The best movies you never see coming. Into the Age of Anxiety comes this redux of the familiar Planet of the Apes series which relies heavily on that familiarity as it charges forward into uncharted territory. That territory is part breathtaking technology, part human self-loathing for what we’ve done, who we’ve become and our own despairing hopelessness about our future, and part rumination of the animal within: it all vibrates and quakes in this, one of 2011’s best films.
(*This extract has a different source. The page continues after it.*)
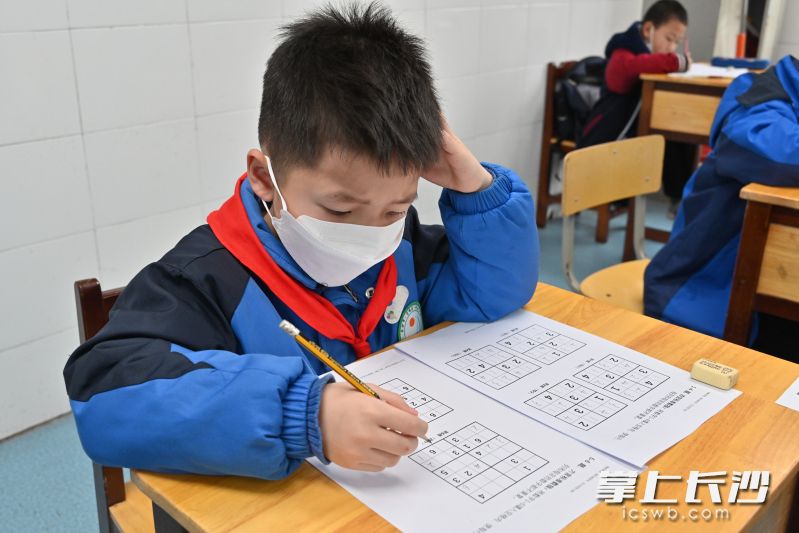 小选手认真答题。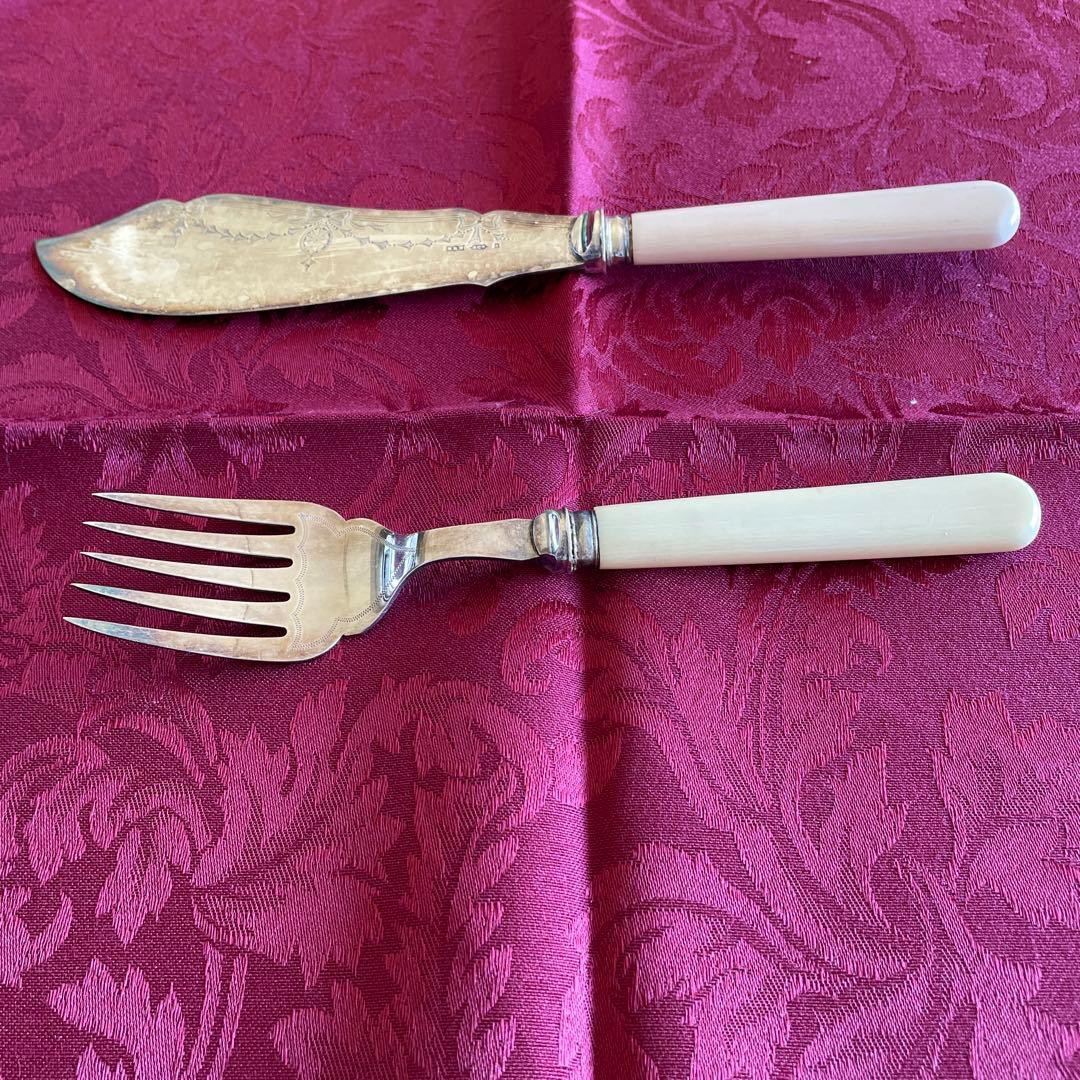 イギリスアンティーク　シルバー　サービングナイフ＆フォーク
Never underestimate the element of surprise. Expectations weren’t running high — the thinking was it would be as campy as the old Planet of the Apes movies or worse, as bad as the Tim Burton one. What most weren’t expecting, of course, was that the Rise of the Planet of the Apes would be so character driven: because the technology is now seamless, there is very little separation between our awe and our emotional reaction. But still, with a movie like this there will always be those who refuse to take it seriously because technology is scary, which of course, is part of the film’s central theme.
The reason to see this movie is marvel at what we can now do with motion capture if you have the right actor (Andy Serkis) and the right FX (WETA), and a director (Rupert Wyatt) knows how to tell a good story; it’s almost shocking, for instance, how long it takes the movie to get going. It takes its time without rushing the audience headlong into the action. We get little hints of it here and there but at some point it sinks in that we’re not going to get the non-stop action and violence to which our ADD culture has become accustomed. So the audience dials it down, sits back and absorbs this odd character Caesar.